We all want to help and to live a life of purpose. What are three actions anyone could take to help address the root cause of the problem you’re trying to solve?

  1. VOLUNTEERING. Getting out there and helping or donating your time is always so important.
  2. Being a BUDDY, FRIEND, or MENTOR to a special needs individual. Many of our young adults at the Center struggle to find friends and would benefit greatly from this kind of support. In all, just being there for them and listening to them helps.
  3. ALWAYS ASSUME INTELLIGENCE. When you respect the individuals in the community that you serve, they know that you are someone they can trust. We have always kept that in our hearts and minds when we meet special needs individuals. We hope more people will follow suit.

Based on your experience, what are the “5 Things You Need To Create A Successful & Effective Nonprofit That Leaves A Lasting Legacy?”

1. Hope and giving hope. We believe that there is no greater commerce than hope. It is probably the most valuable thing in any of our lives. We would venture to say that anyone that is volunteering or donating to assist you in helping people will see the work you are doing in their faces. So making sure that your outcomes are easily translatable and visual is essential.

2. The Team. Having a great team that is passionate about the cause and that can become future leaders for your organization ensures that many can reap the benefits of your non-profit for years to come.

3. A great and dedicated board of directors.

4. A community around you that supports you. One of the reasons why we chose our location in Reseda is the proximity to the university having a built-in community of artists, writers, and creative people. The surrounding community is one of our biggest assets.

5. A drive to NEVER give up.
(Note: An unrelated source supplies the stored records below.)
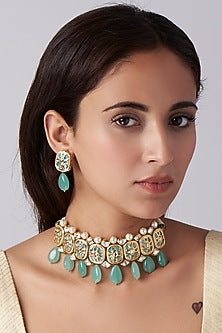 Gold Finish Agate Choker Necklace Set
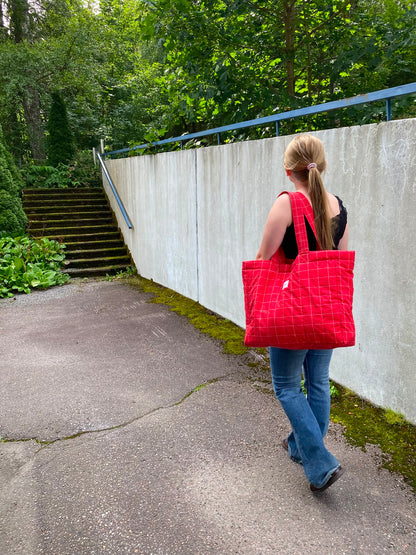 Suomessa käsityönä valmistettu punaruudullinen viikonloppukassi, rantakassi, treenikassi, kesäkassi. Lahjaksi ystävälle, lahjaidea puolisolle. Lahja naiselle.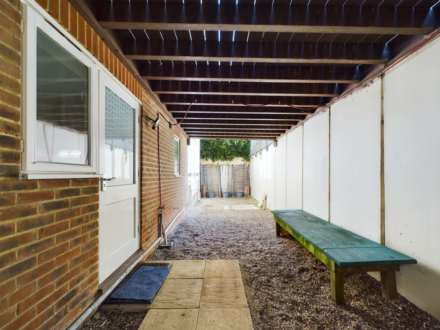 Glenrhondda, Emmer Green, Reading, Berkshire, RG4, Image 25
When times get tough, you double down, put your head down, and PLOW ON. Creating a non-profit has been the hardest and yet one of the most fulfilling aspects of our lives!

How has the pandemic changed your definition of success?

The pandemic taught us that we must constantly be ready to change with the times and people’s changing needs. We adapted by moving all of our content online and most importantly in those hard and unprecedented times, we only offered free programs. We also needed to ask ourselves, “How do we reach people that haven’t walked through our doors?” This question led us to make quick decisions with this as our main theme. Now that we’re back in person, we continue to live and operate under this rule to this day. It has helped us immeasurably.

How do you get inspired after an inevitable setback?

Through learning comes inspiration. When roadblocks or setbacks happen, it produces new challenges that force you to think on your feet. This very action creates inspiration.

We are very blessed that very prominent leaders read this column. Is there a person in the world who you would like to talk to, to share the idea behind your non-profit? He, she, or they might just see this, especially if we tag them. 🙂

MA: My wife would say Pedro Pascal!

You’re doing important work. How can our readers follow your progress online?

They can find us on all social media and our website, www.teafc.org.

Thank you for a meaningful conversation. We wish you continued success with your mission.